Skip to contents

There are a variety of packages that uwot will make use of if you install them (and load them), but that you don’t need so are optional. These include:

  • RcppHNSW – used for nearest neighbor search. Once installed and loaded, you can specify nn_method = "hnsw" in uwot::umap as long as your metric is either "euclidean", "cosine" or "correlation". This should be a bit faster than the default of Annoy in most cases. If you use uwot::umap2 then you will get HNSW by default without having to specify nn_method.
  • rnndescent – used for nearest neighbor search. Once installed and loaded, you can specify nn_method = "nndescent" in uwot::umap. rnndescent can handle many metrics, so see its documentation for more information. If you use uwot::umap2 and do not load RcppHNSW, then you will use this method by default without having to specify nn_method. You can also use sparse matrices as input to uwot::umap2. See the sparse data article for more details.
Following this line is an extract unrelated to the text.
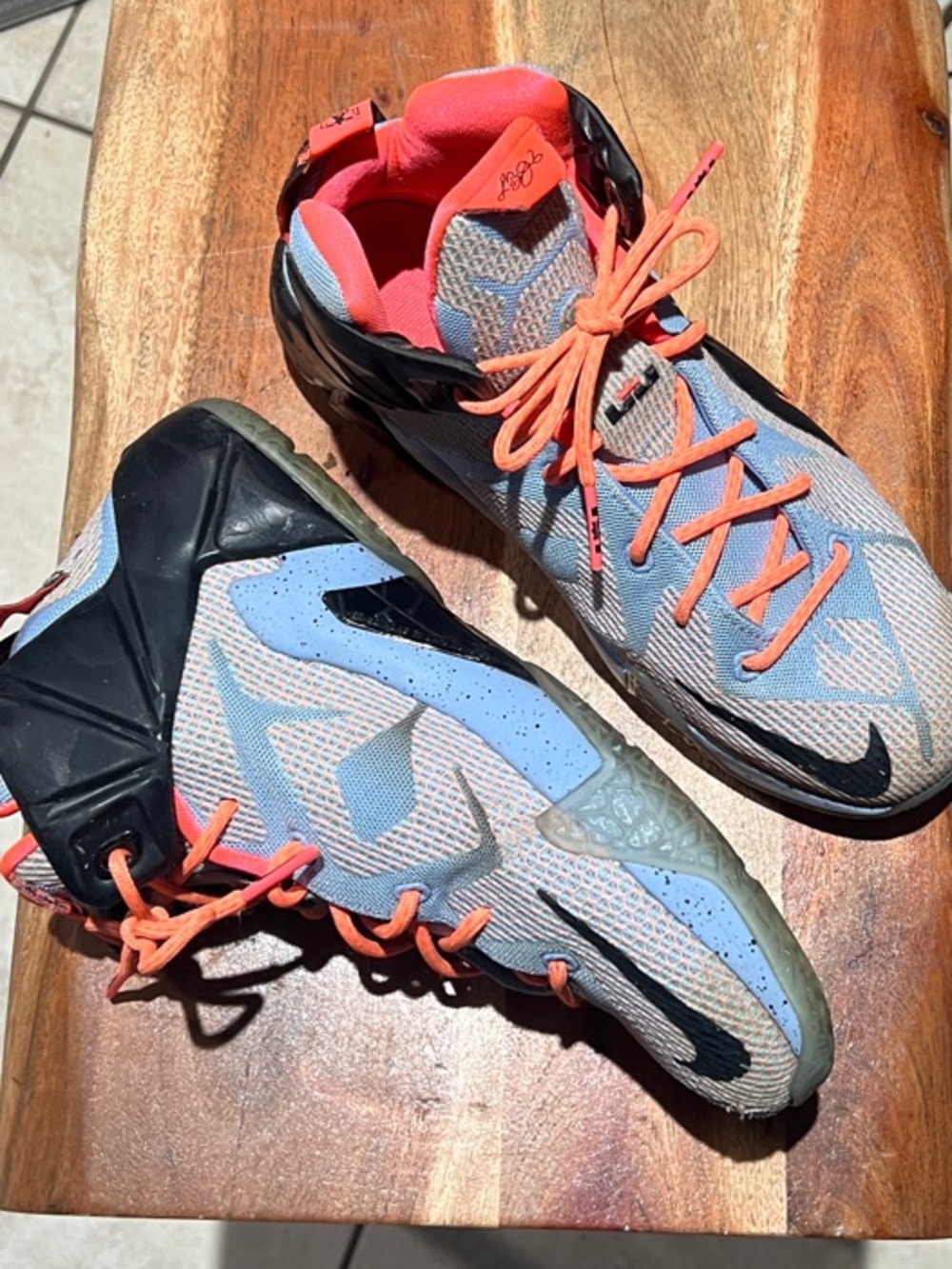 Nike Kids Sneakers - Light Blue with Coral Accents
There is one other dependency, RSpectra – used for the default spectral initialization. If not installed, then the irlba package is used instead. In most cases irlba does a fine job, but it’s not as fast as RSpectra for spectral initialization because irlba isn’t designed for quite the same use case as RSpectra. This has been both a core dependency and an optional dependency at different times in the past. In general, I would like it to be an optional dependency, but currently, an interaction with the most recent release of irlba and an ABI change to the Matrix package is causing failures. By making RSpectra a required dependency, I can ensure tests, examples and vignettes build which unblocks various downstream packages.

My recommendation would be to install all of these (or at least RcppHNSW):

install.packages(c("RcppHNSW", "rnndescent"))

and then have them (and RSpectra) loaded whenever you are using uwot.

The following UMAP run will then use RcppHNSW and RSpectra (versus RcppAnnoy and irlba) without you having to specify anything:

iris_umap <- umap2(iris, n_neighbors = 30)